Paradoks ini menemukan titik terang pada abad ke-20. Saat itu ilmuwan menemukan alam semesta berkembang terus menerus. Cahaya dari galaksi-galaksi yang bergerak menjauh dari kita mengalami pergeseran spektrum ke arah gelombang panjang seperti inframerah, ultraviolet, dan gelombang radio semuanya tidak dapat dilihat oleh mata manusia. Artinya, jika mata kita mampu melihat gelombang mikro, maka seluruh ruang angkasa akan tampak bercahaya. Prinsip serupa juga memungkinkan kita "mendengar" suara-suara dari luar angkasa melalui konversi gelombang ke bentuk audio.
Cahaya dari Masa Lalu
Cobalah lihat panorama pusat galaksi Bima Sakti yang begitu cerah dan indah. Gambar tersebut diambil dari gabungan data teleskop sinar-X milik NASA, Chandra X-ray Observatory, dan teleskop radio MeerKAT di Afrika Selatan. Meski begitu, bahkan dengan teknologi paling mutakhir, kita tetap tidak bisa melihat semua bintang.

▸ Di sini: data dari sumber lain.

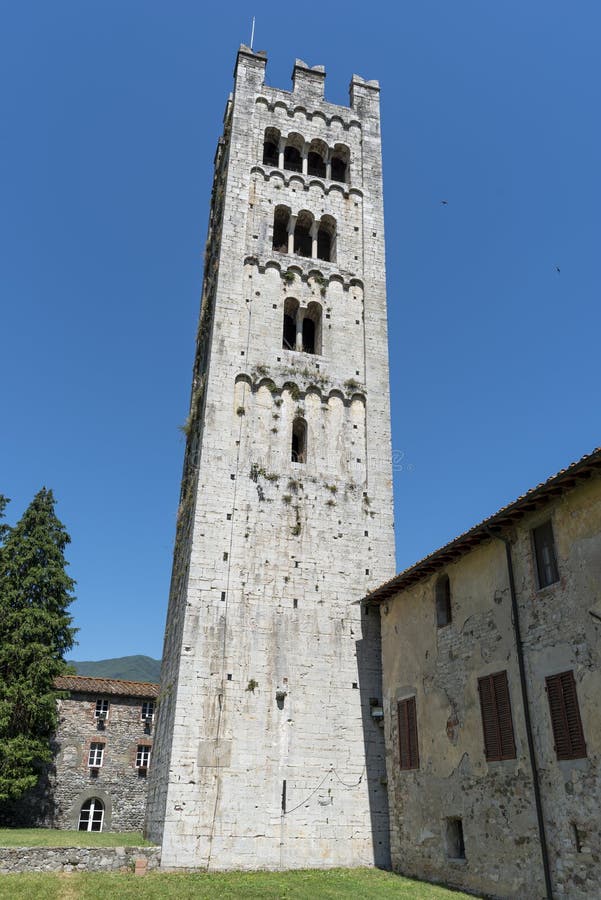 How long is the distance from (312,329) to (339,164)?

Ini karena cahaya memiliki batas kecepatan: 300.000 kilometer per detik. Cahaya dari bintang yang sangat jauh bisa memerlukan waktu jutaan tahun untuk mencapai mata kita. Artinya, ketika kita memandang bintang tersebut, yang kita lihat adalah cahaya dari masa lalu. Bisa jadi bintang itu sebenarnya sudah mati, namun cahayanya masih dalam perjalanan menuju Bumi.
Mengapa Bumi Terang, Tapi Luar Angkasa Gelap?
Fenomena ini dapat dijelaskan hanya dengan dua kata: atmosfer Bumi. Ruang angkasa hampir merupakan ruang hampa (vakum), yang artinya sangat sedikit gas atau debu di dalamnya. Tanpa atmosfer, cahaya tidak bisa tersebar; ia hanya akan bergerak lurus sampai mengenai suatu objek. Setelah menyentuh objek dan memantul, barulah atmosfer bertugas menyebarkan cahaya ke segala arah sehingga bisa dilihat oleh mata manusia.
Karena Bumi berputar pada porosnya, bagian yang tidak terkena sinar Matahari akan mengalami kegelapan sementara, yang kita kenal sebagai malam hari. Di siang hari, partikel udara seperti molekul, atom, dan debu atmosfer berinteraksi dengan foton cahaya, menyebabkannya menyebar saat memasuki lapisan atmosfer yang makin padat menuju permukaan.
Atmosfer Bumi paling banyak menyebarkan cahaya biru karena panjang gelombangnya yang pendek. Inilah sebabnya langit siang hari tampak biru. Atmosfer Mars sangat tipis, sekitar 100 kali lebih tipis dari Bumi. Kondisi itu membuat langit terlihat abu-abu kebiruan. Ketika terjadi badai debu di Mars, warna langit dapat berubah menjadi kemerahan.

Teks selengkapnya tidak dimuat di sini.